2022年の年明け早々、CISOをはじめとするセキュリティリーダーを対象として、組織が抱えているサイバーセキュリティにおける最重要課題とは何かを尋ねたアンケート結果が発表されました。その結果、「ランサムウェア/サイバー犯罪に関するリスクの増大に対応すること」がトップとなり、回答者の29%が、これが最大の懸念事項であると回答しました。

この調査結果は、ランサムウェアギャングが自らの攻撃手法をいかに洗練させているかを反映しています。彼らは、かつてないほど巨額の身代金を要求するために、攻撃に新たな脅迫手段を取り入れています。身代金の要求額は、数千万ドルにも及ぶ場合もあります。また、この調査結果は、攻撃の成功により発生するさまざまなコストも反映しています。

弊社は『【グローバル調査結果】ランサムウェア 〜ビジネスにもたらす真のコスト〜』と題した最近のレポートで、ランサムウェア攻撃を受けた後、3分の2の企業や組織が収益の減少を報告したと紹介しました。これは、攻撃の結果ブランドや評判に損害を受けたと報告した組織の割合(53%)をわずかに上回っています。また、回答者の3分の1が攻撃の結果経営幹部を失ったとしており、約4分の1は攻撃により一時的な業務停止を余儀なくされたと回答しています。

Cost of a Data Breach Study 2021(データ侵害にかかるコストの調査、2021年度版) 』によると、ランサムウェア攻撃により企業や組織が被った平均的なコストは462万ドルであることが示されています。これは、データ侵害の平均的な被害額である424万ドルを上回っています。このランサムウェアのコストには、その他のさまざまな損害が含まれていますが、被害者が支払う身代金は含まれていません。

回答者は、ランサムウェア以外の課題にも直面しています。実際、このアンケートに参加したCISOおよびセキュリティリーダーの28%は、クラウドのリソース、ワークロード、アプリケーションのセキュリティ設定を維持することに苦労していると回答しています。また、同じ割合の企業や組織が、マルチクラウドとマルチプラットフォームのハイブリッド環境における保護ギャップの解決に取り組んでいることを明らかにしています。

このような課題は、今後1年間における企業や組織による投資の優先順位を形成するのに役立ちます。優先事項として最も多く挙げられたのはクラウドセキュリティであり、回答者の35%がそのように回答しています。次いで、データセキュリティ(25%)、脆弱性管理/評価(24%)、アプリケーションセキュリティ(23%)が挙げられています。

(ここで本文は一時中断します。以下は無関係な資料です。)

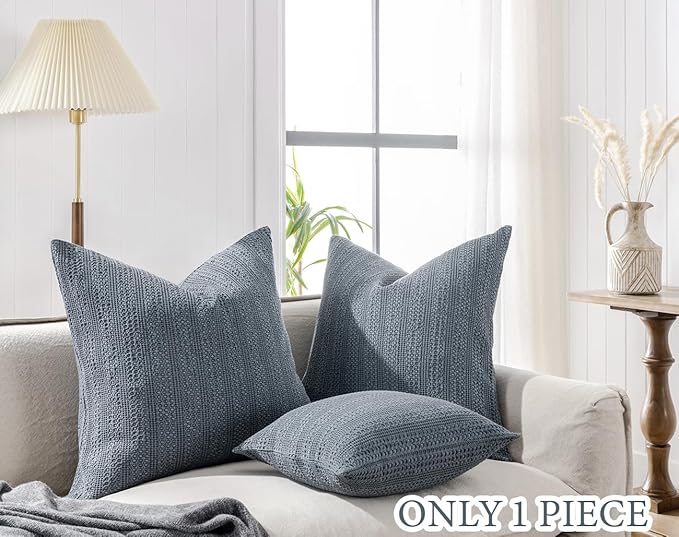 1pc 26x26 Pillow Cover Decorative Euro Sham Cotton Boho Throw Pillow Covers Large Square Pillowcase for Couch Bed, Blue Grey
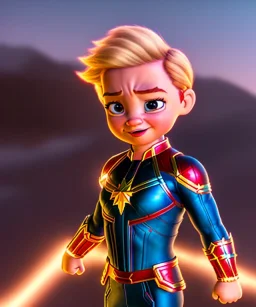 Baby captain marvel, full body, dynamic lighting, hyper realistic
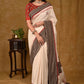 Cream Cotton Saree with Elegant Ajrakh Border and Gond Painting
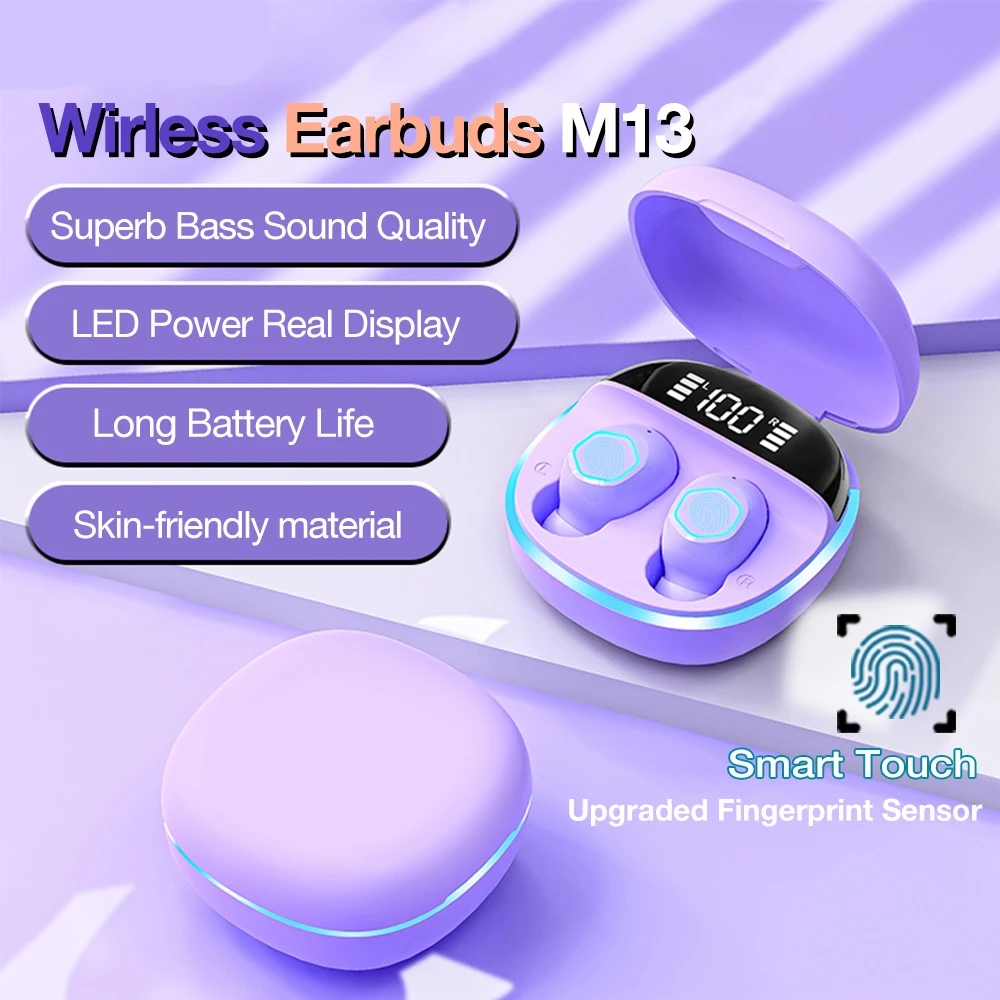 TWS M13  Wireless Earbud Bluetooth 5.2 Earphone In Ear HiFi Stereo Earphone With Mic Waterproof Earplugs Bass Music Headset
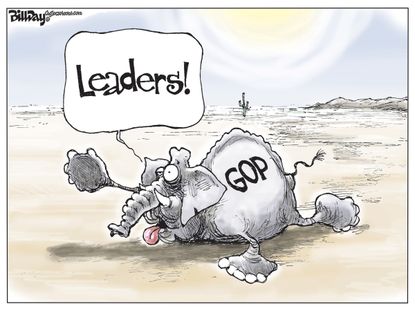 Political cartoon U.S. Parched Party GOP elephant desert
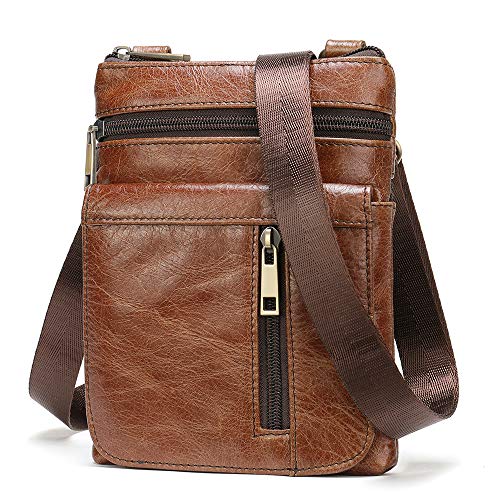 Leder Umhängetasche Herren, Retro Handy Ledertaschen, Kleine PU Leder Schultertasche Kuriertasche Outdoor Handytasche Herren Crossbody Tasche Smartphone Messenger Bag für Business Büro Arbeit, Braun Leder Umhängetasche Herren, Retro Handy Ledertaschen, Kleine PU Leder Schultertasche Kuriertasche Outdoor Handytasche Herren Crossbody Tasche Smartphone Messenger Bag für Business Büro Arbeit, Braun von WFCKPQF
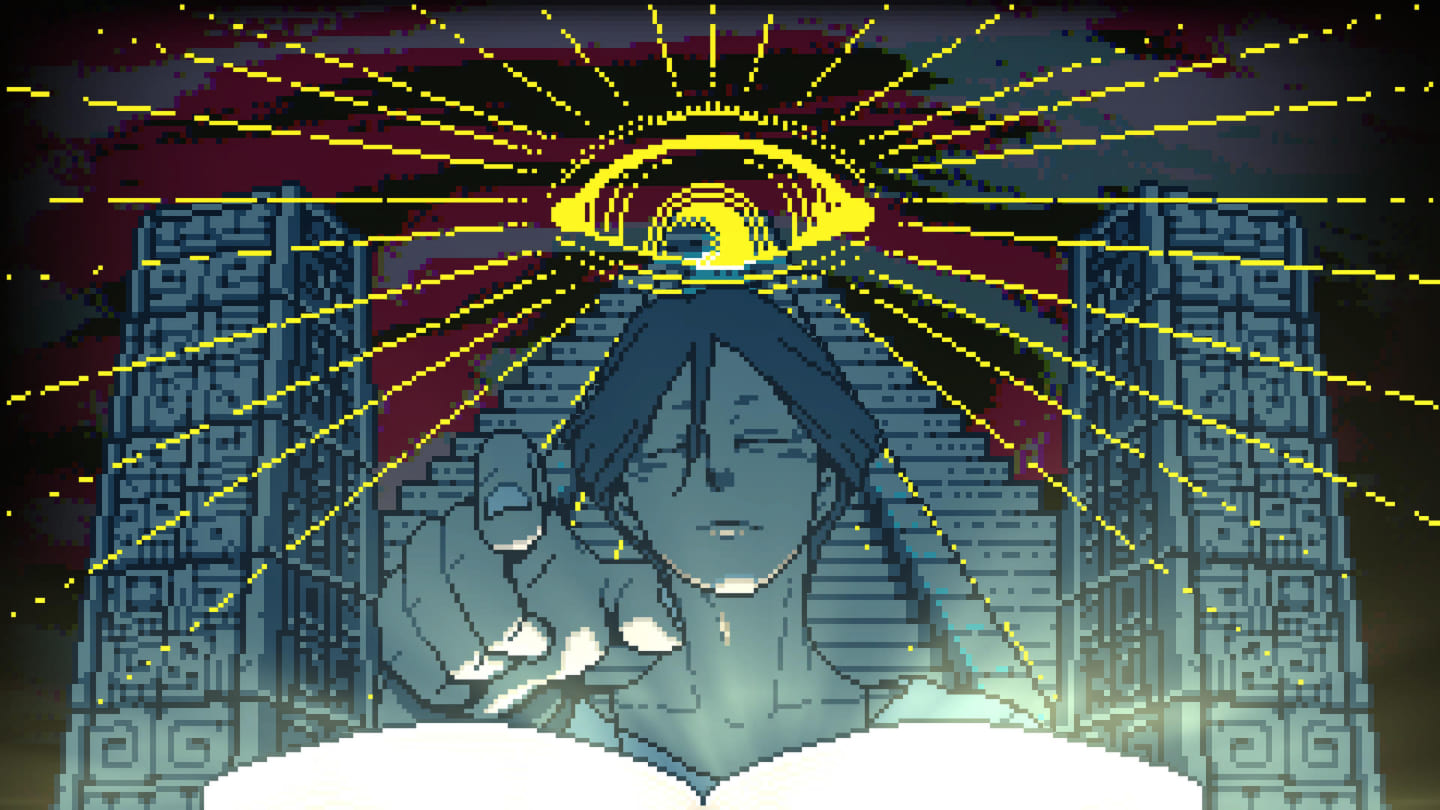 このオカルト感よ 都市伝説解体センターのゲーム画面。2Dドット絵で描かれた男性がこちら側を指さしている。背後には大きな階段と目のイラストが描かれている。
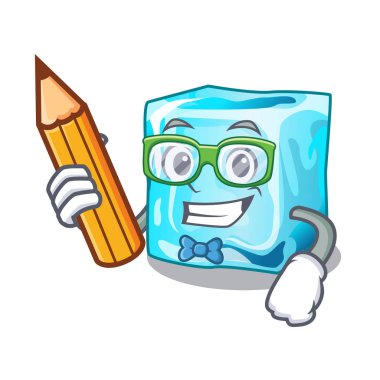 Öğrenci buz küpleri ile vektör çizim yukarıda üzerinde maskot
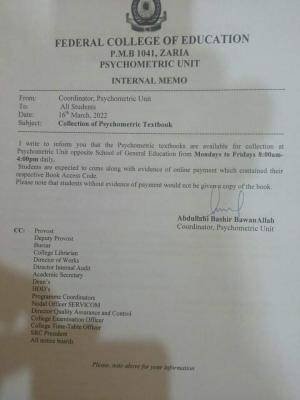 Notice from the Federal College of Education in Zaria on the collection of Psychometric Textbook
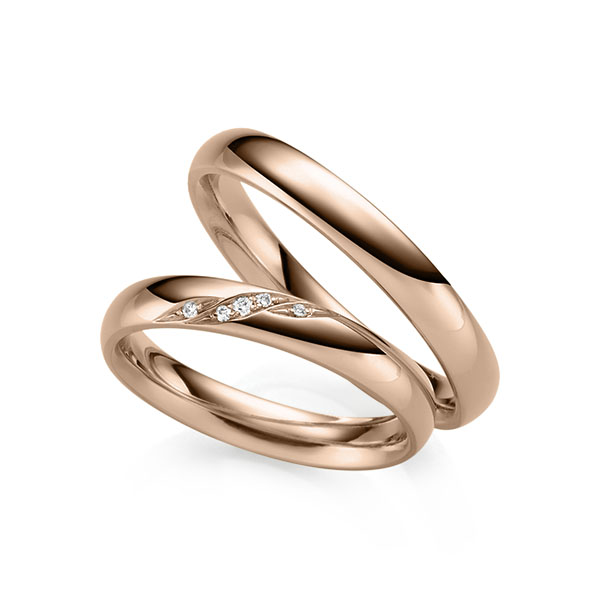 Set klassieke trouwringen in roodgoud 14 kt. met in totaal 0,03 ct. Briljant tw/si van Eternal Touch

企業や組織はいかにしてセキュリティ目標を達成できるか

スキルギャップが原因で、CISOをはじめとするセキュリティリーダーは、上記の優先事項を満たすことが困難になっています。90%近くの組織が、このようなスキル不足が2022年のセキュリティ戦略に影響を及ぼすと予想しています。半数の組織が、スキルギャップの影響は大きいと考えています。一方、サイバー関連のスキルギャップが自社の計画に影響しないとの見通しを示した組織はわずか12%でした。

多くの企業や組織は、スキルギャップに対応するために自動化ソリューションに注目しています。しかし、そのためには、 従来のセキュリティソリューションの限界を認識する必要があります。一例として、セキュリティ情報およびイベント管理(SIEM)を取り上げてみましょう。このようなタイプのソリューションには、データレイク構造とクラウド分析が必要となりますが、これらのリソースは高価になりがちであり、しかもその有用性は手元のデータソースによって大きく異なります。

さらに事実として、SIEMはしばしば誤検知やあまりにも多くのアラートを発生させます。このようなノイズは「アラート疲れ」を引き起こし、セキュリティチームが正当なセキュリティ上の懸念に対応する能力を低下させることになります。

他の従来型のセキュリティソリューションでも似たような話があります。SOAR(セキュリティオーケストレーション、自動化、およびレスポンス)ツールは、SIEMと同じ欠点に悩まされています。しかし、SOARにはさらなる弱点があります。それは、利用可能なあらゆる統合機能に基づいて、自動化ワークフローとプレイブックを構築するために多くの先行投資が必要になることです。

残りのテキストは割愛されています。